Add new methods for the image function with the following properties:

  • New methods should accept two arguments:
    • x: 3D or 4D array of real numbers that represents images,
    • inds: one or more image indices to extract and convert to Gray/RGB representation.
  • If only one index is provided, the method should return a single image in its representation.
  • If more indices are provided, the method should return an array of images.

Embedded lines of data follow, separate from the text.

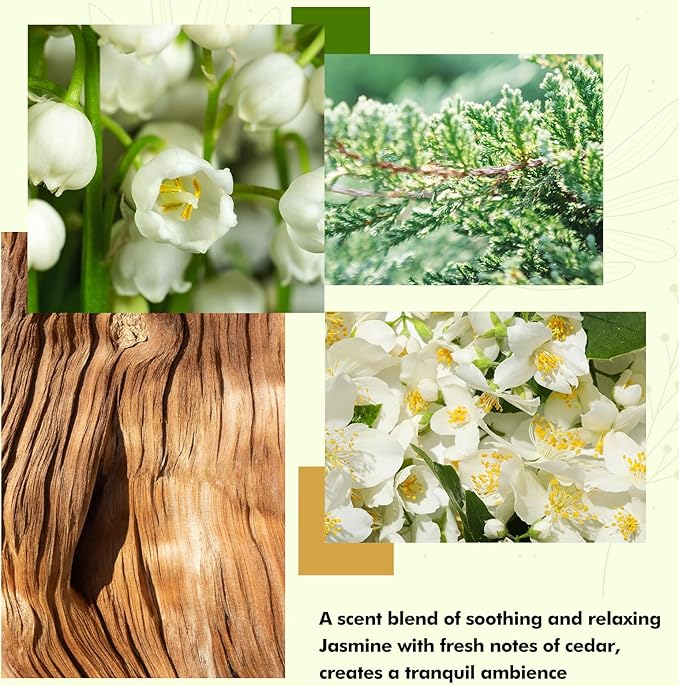 Reed Diffuser Set- Jasmine & Lily Scented Diffuser - Image 4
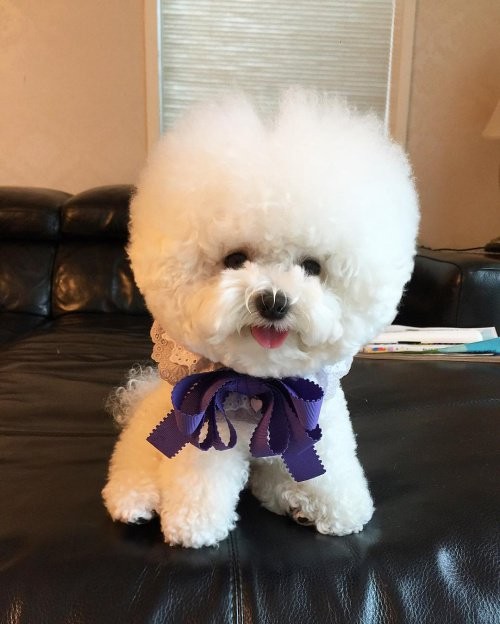 有颗圆圆大头亚洲校花郭雪芙的软可爱比熊tori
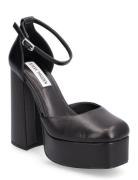 Tamy Sandal Korolliset Sandaalit Black Steve Madden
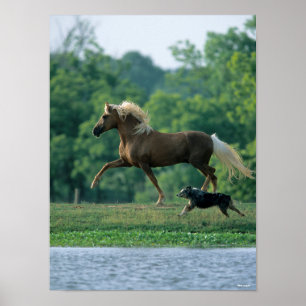Póster Bob Langrish   Palomino Tennessee Walker y Perro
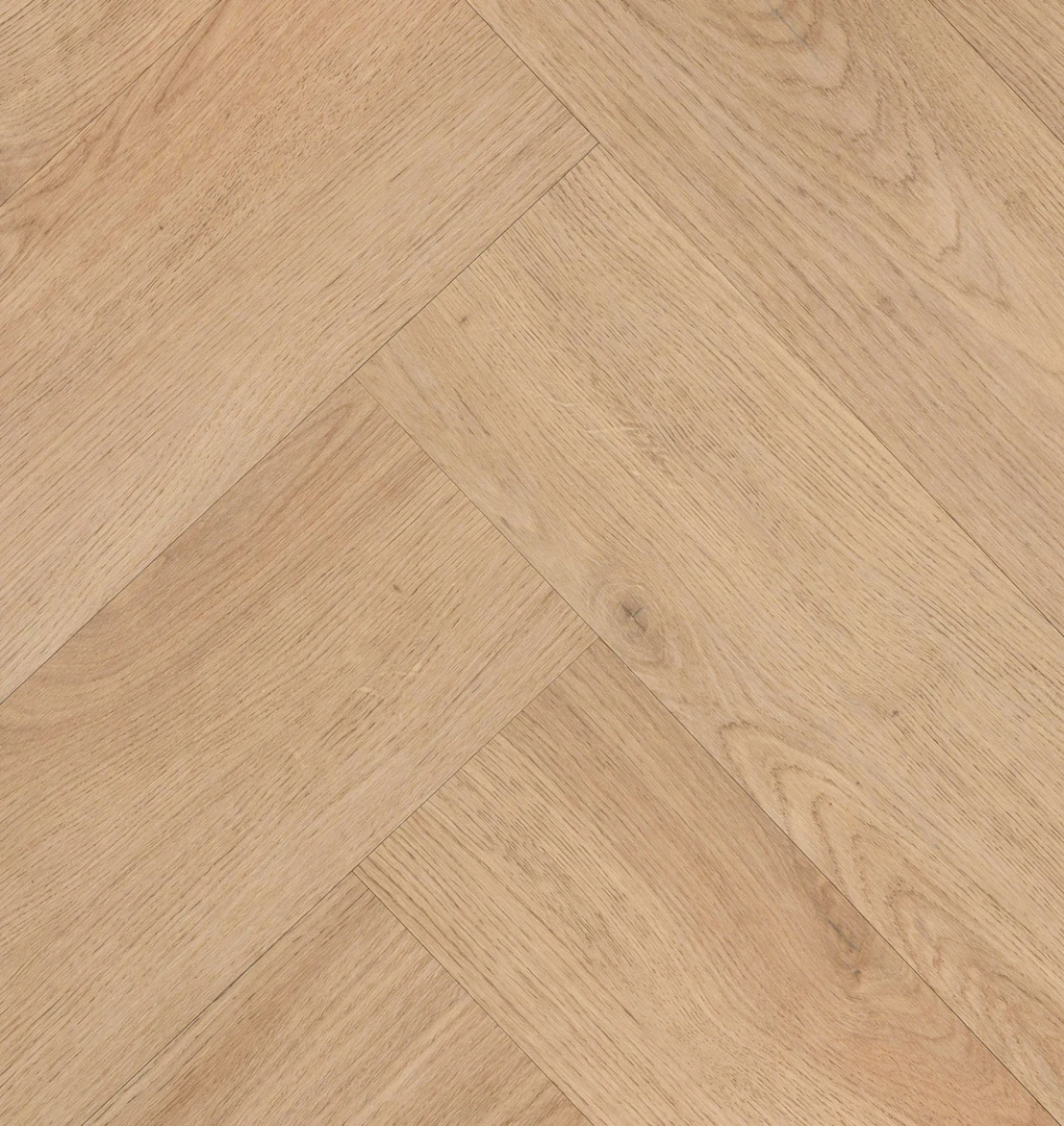 Hebeta Chablis Visgraat XL 57859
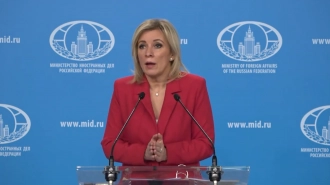 Захарова раскритиковала идею США о покупке Командорских островов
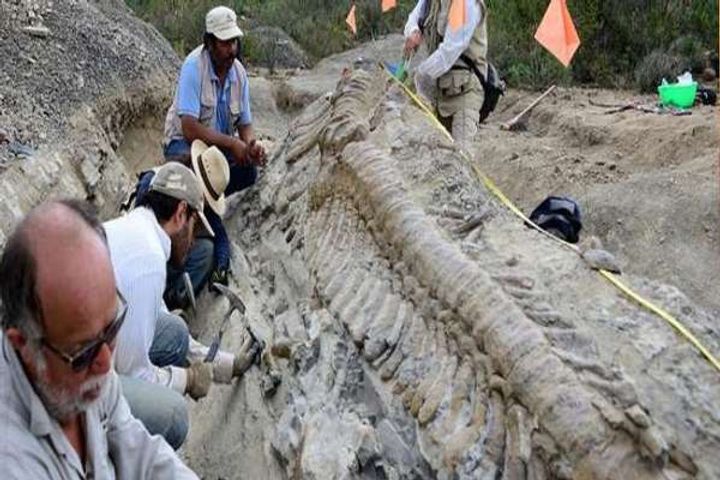 Scientists tell the dinosaur fossils of seven and a half million years old are the most modern speci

Use the following code to test the image function.

# /examples/example.jl
X = MLDatasets.FashionMNIST(Float64, :train)[:][1];

plot(plot.(image(X, [1,2]))...; axis = nothing, border = :none)
Solution:

We have four possible combinations of the input arguments:

  1. 3D array and one index,
  2. 3D array and multiple indices,
  3. 4D array and one index,
  4. 4D array and multiple indices.

We should, therefore, define a method for each combination of input arguments. We can do this in the following way:

# /src/ImageInspector.jl
image(x::AbstractArray{T,3}, inds; flip = true) where {T <: Real} = [image(x[:,:,i]; flip) for i in inds]
image(x::AbstractArray{T,4}, inds; flip = true) where {T <: Real} = [image(x[:,:,:,i]; flip) for i in inds]
image(x::AbstractArray{T,3}, ind::Int; flip = true) where {T <: Real} = image(x, [ind]; flip)[1]
image(x::AbstractArray{T,4}, ind::Int; flip = true) where {T <: Real} = image(x, [ind]; flip)[1]

Since x[:,:,i] creates a new copy, it can be replaced by selectdim(x, 3, i), which creates a view.